EXERCISE DIRECTIONS -
Transcribe, without any change, the line that includes "Banjica 57m2, dvosoban stan kod pijace" and all the lines that come after it in the material below.

RECORD SET -
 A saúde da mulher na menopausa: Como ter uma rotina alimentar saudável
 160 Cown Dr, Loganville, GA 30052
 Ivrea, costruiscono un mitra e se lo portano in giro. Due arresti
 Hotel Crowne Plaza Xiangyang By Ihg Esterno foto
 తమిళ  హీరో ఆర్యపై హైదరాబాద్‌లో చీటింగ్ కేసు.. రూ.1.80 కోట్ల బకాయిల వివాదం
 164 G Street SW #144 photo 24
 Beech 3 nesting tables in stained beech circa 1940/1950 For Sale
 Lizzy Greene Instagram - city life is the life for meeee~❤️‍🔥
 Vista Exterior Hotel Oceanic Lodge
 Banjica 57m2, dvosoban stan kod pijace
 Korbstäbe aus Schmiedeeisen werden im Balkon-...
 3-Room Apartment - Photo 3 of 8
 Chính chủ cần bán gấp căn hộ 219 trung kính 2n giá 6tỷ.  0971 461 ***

EXPECTED ANSWER -
 Banjica 57m2, dvosoban stan kod pijace
 Korbstäbe aus Schmiedeeisen werden im Balkon-...
 3-Room Apartment - Photo 3 of 8
 Chính chủ cần bán gấp căn hộ 219 trung kính 2n giá 6tỷ.  0971 461 ***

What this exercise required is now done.